THE GUATEMALAN writer Rodrigo Rey Rosa (1958-) published his first story, “The Path Doubles Back” in New York 25 years ago which, although written in Spanish, came out in English, having been translated by Paul Bowles in Tangiers, Morocco. Since then, Rey Rosa (pictured above) has published 13 books to become Guatemala’s most translated and famous novelist.

In Guatemala’s literary tradition, Rey Rosa is closer to the narrative efficiency of Augusto Monterroso than the baroque excesses of Miguel Angel Asturias. Rey Rosa’s political position has also been eccentric when compared with the dominant tendency of Guatemala’s writers, whose social commitment often drove them to martyrdom.

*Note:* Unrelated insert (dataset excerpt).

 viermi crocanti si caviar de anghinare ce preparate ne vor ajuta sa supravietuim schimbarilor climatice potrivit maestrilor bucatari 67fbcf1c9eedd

Rey Rosa’s early style (his syntactic logic) revealed the influence of his mentor Paul Bowles and his careful reading of Jorge Luis Borges. These two determining influences drove Rey Rosa away from the vernacular of the middle class which had fascinated the writers of the compromised generation and towards a cultivated literary language.

Rey Rosa is the most prolific writer of his generation in Guatemala and one of the most important contemporary writers in Latin America. Yet although the Ministry of Culture granted him the National Literature Prize in 2004, his work has received more critical attention abroad than in his native land. Like no other Guatemalan, his work receives constant attention in international publications such as Spain’s Babelia, Mexico’s Letras Libres or France’s Magazine Littéraire.

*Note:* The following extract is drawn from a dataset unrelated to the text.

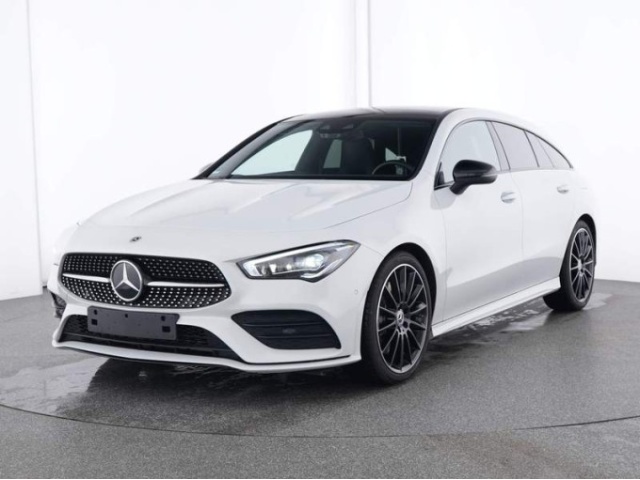 Mercedes-Benz CLA 250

Rey Rosa comes from a wealthy family involved in the industrial sector. He was educated in the elite Jesuit Liceo Javier in Guatemala City, and then went on to study film in New York and writing with Paul Bowles in Morocco. Since then, he has drifted, back and forth, from Guatemala to New York, from Spain to Morocco, from Paris to India. This article traces his enigmatic path to offer a panoramic of his work from The Beggar’s Knife (1986) to Caballeriza / The Stable (2006).

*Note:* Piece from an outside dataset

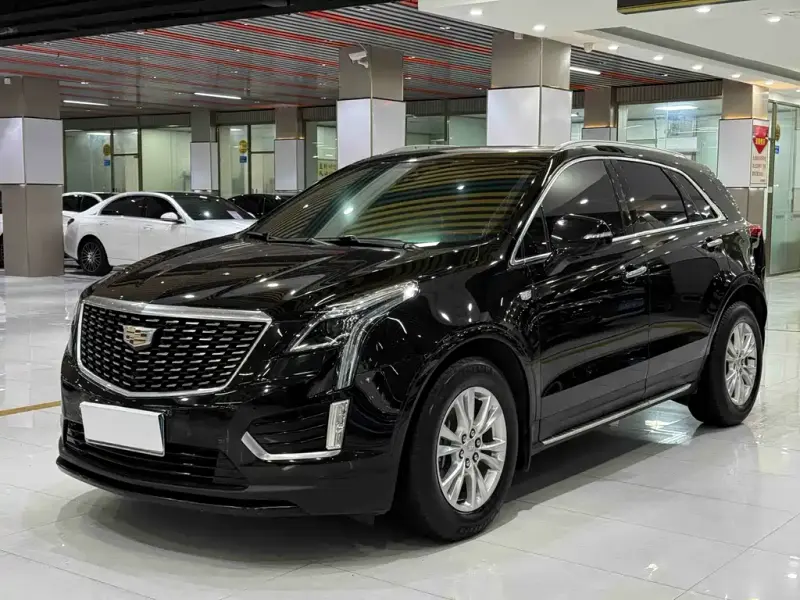 Cadillac XT5, 2019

Strange Tales: The Beginning (1982-1992)

The Beggar’s Knife was originally subtitled “24 strange tales” in the English translation by Paul Bowles, published by City Lights Books in 1985. This collection of short stories was originally written in Spanish and was published a year later in their original language in a Guatemala that was returning to democracy.

In its Spanish version, The Beggar’s Knife was composed of 25 intense and enigmatic short stories. It included “The Path Doubles Back” which, at seven pages, was the longest. Rarely in Guatemala’s literary history (probably since Asturias’ Legends of Guatemala) has a writer’s debut entailed such a promise. Rey Rosa’s first book was evidence of a mature and new style of writing.

The fantastic tendency and the precise and macabre style in The Beggar’s Knife immediately distanced Rey Rosa from the rest of Guatemalan writers, who persevered with a literal realism to address the armed conflict and social disparities. Rey Rosa’s tales seemed eager to capture “the possible activity of the unconscious”, in the author’s own words, uncanny events that occurred on the boundary between dreams and reality. However, given Guatemala’s sociopolitical reality at the time, the tales were plagued by acts of vengeance, threats of parricide, nightmares and violent deaths. The narratives, “like the tricks of a magician”, were a mixture of the magical and the perverse.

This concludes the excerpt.